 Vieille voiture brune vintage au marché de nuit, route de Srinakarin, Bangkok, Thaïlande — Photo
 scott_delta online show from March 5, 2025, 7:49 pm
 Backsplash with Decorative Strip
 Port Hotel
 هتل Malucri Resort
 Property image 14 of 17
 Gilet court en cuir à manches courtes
--
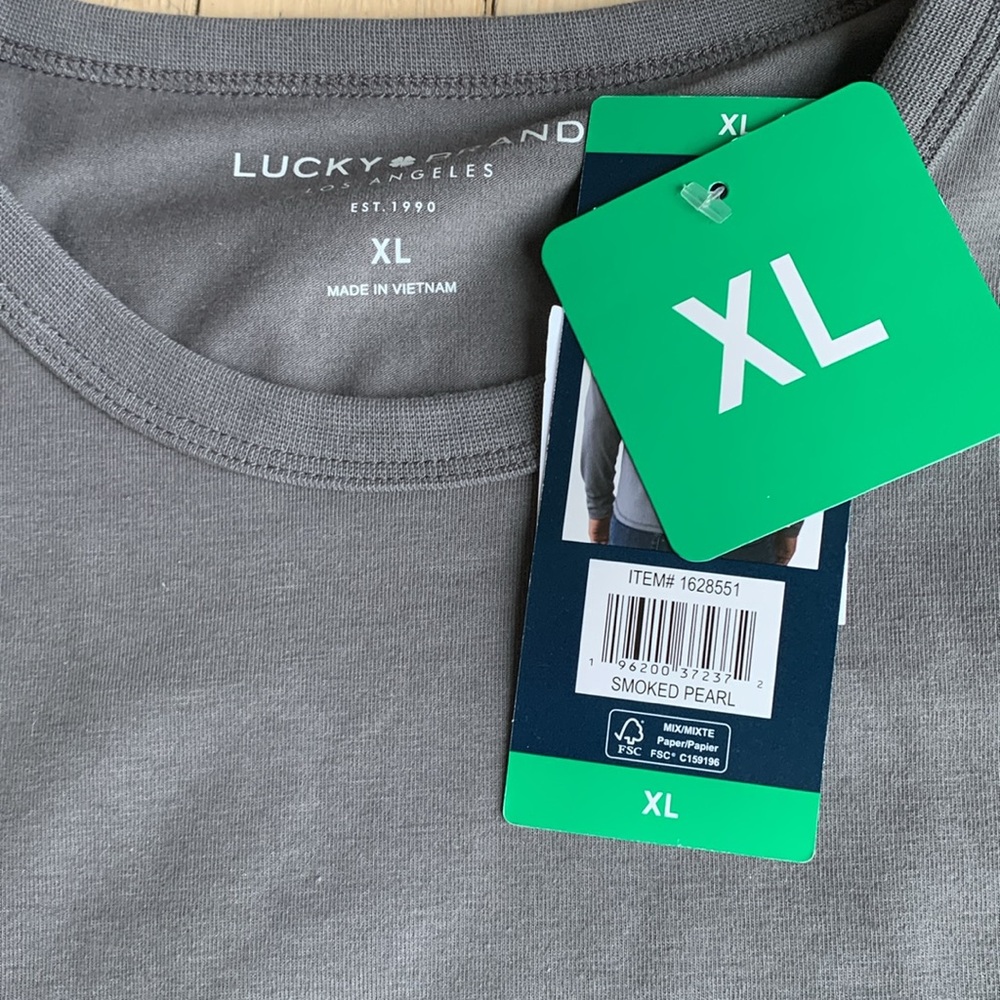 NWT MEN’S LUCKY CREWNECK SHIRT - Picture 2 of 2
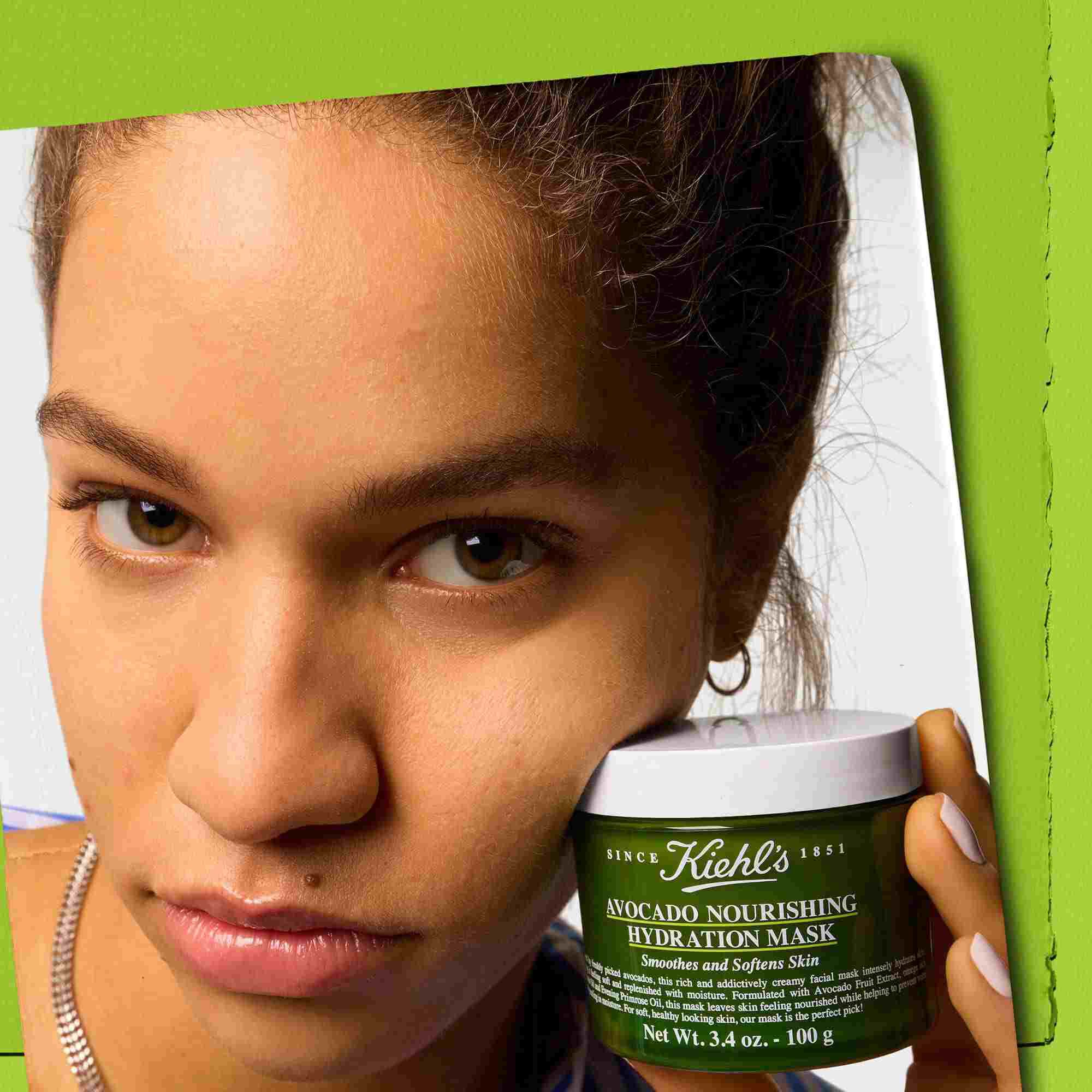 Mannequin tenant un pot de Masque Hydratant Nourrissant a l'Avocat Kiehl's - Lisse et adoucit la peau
* * *
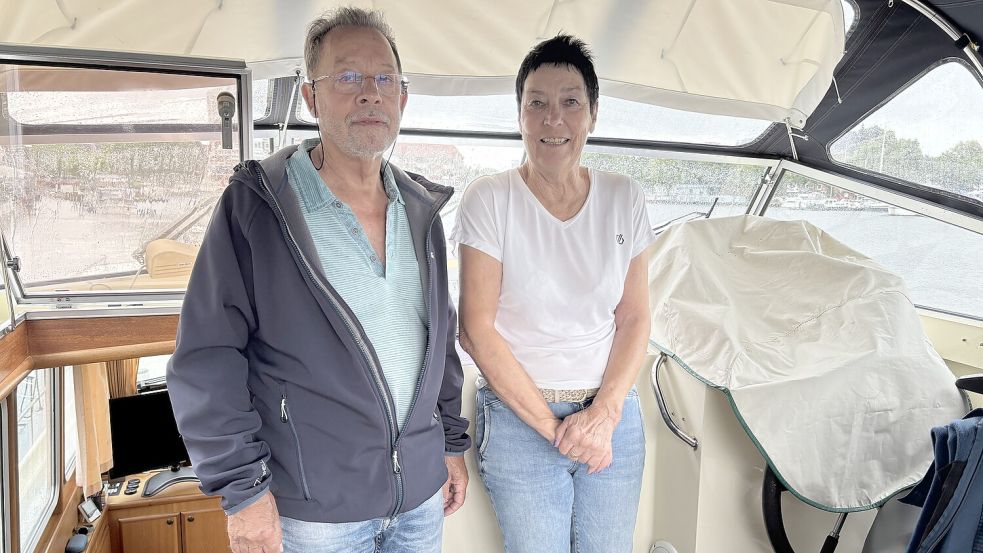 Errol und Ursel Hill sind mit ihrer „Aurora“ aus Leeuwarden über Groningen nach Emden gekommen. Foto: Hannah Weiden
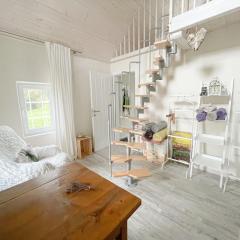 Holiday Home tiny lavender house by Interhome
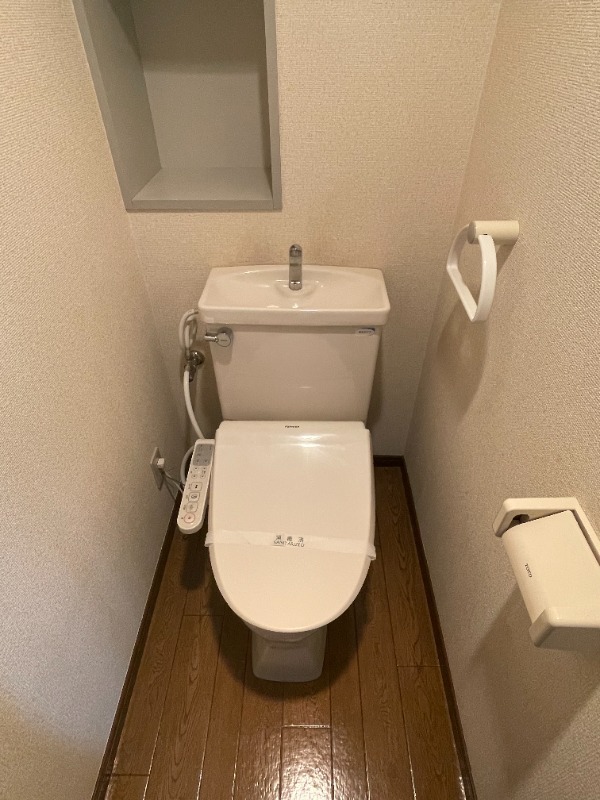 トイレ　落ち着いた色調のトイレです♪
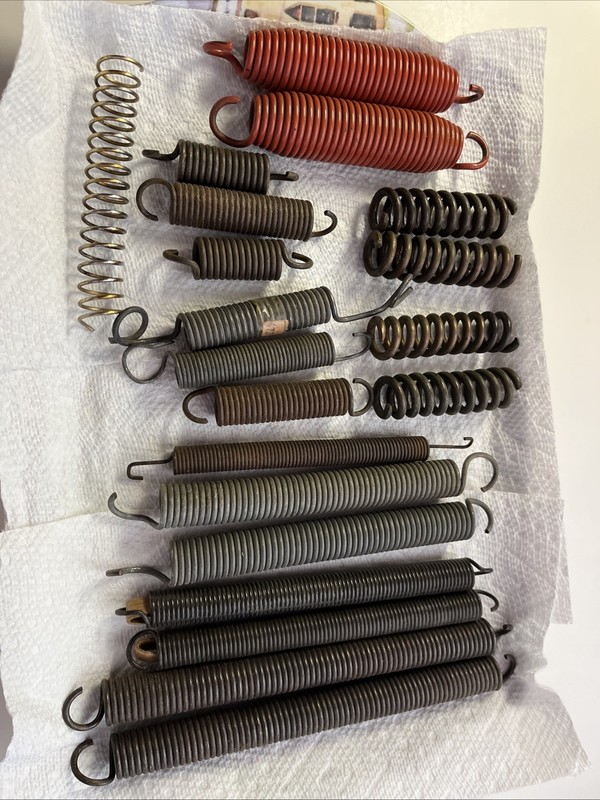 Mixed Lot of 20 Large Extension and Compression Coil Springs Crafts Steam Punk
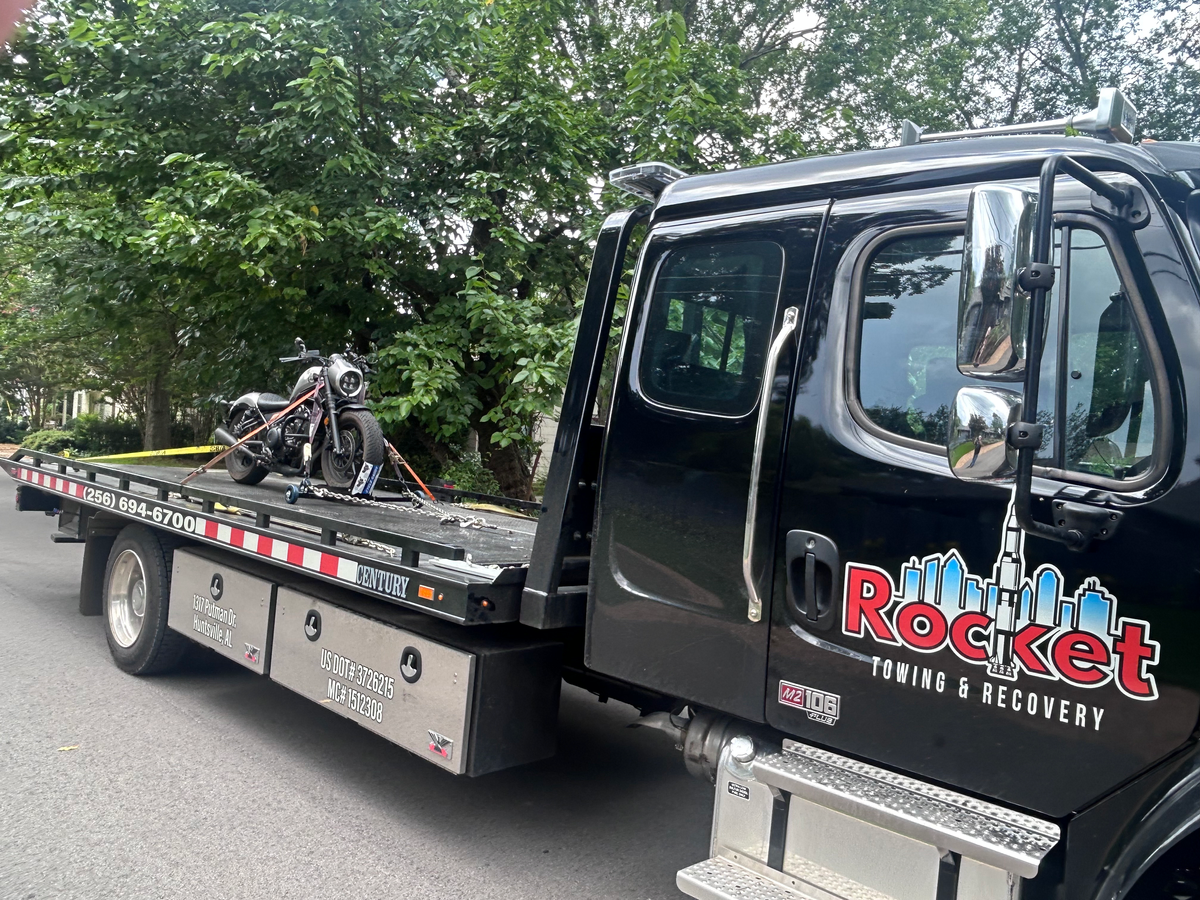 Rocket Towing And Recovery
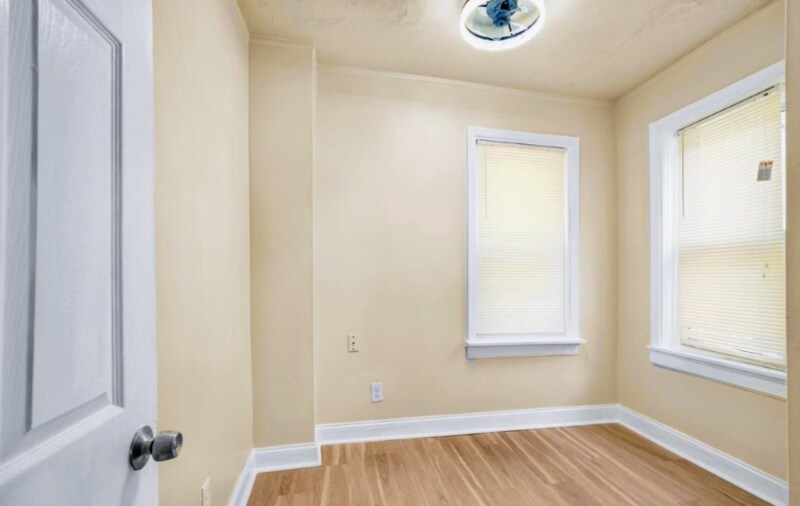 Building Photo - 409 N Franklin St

◆ Task instructions:
Look through the entries above and quote exactly the lines from the line with "Vieille voiture brune" to the line with "Gilet court en cuir à manches courtes", counting both of those lines.

◆ Solution to this problem:
 Vieille voiture brune vintage au marché de nuit, route de Srinakarin, Bangkok, Thaïlande — Photo
 scott_delta online show from March 5, 2025, 7:49 pm
 Backsplash with Decorative Strip
 Port Hotel
 هتل Malucri Resort
 Property image 14 of 17
 Gilet court en cuir à manches courtes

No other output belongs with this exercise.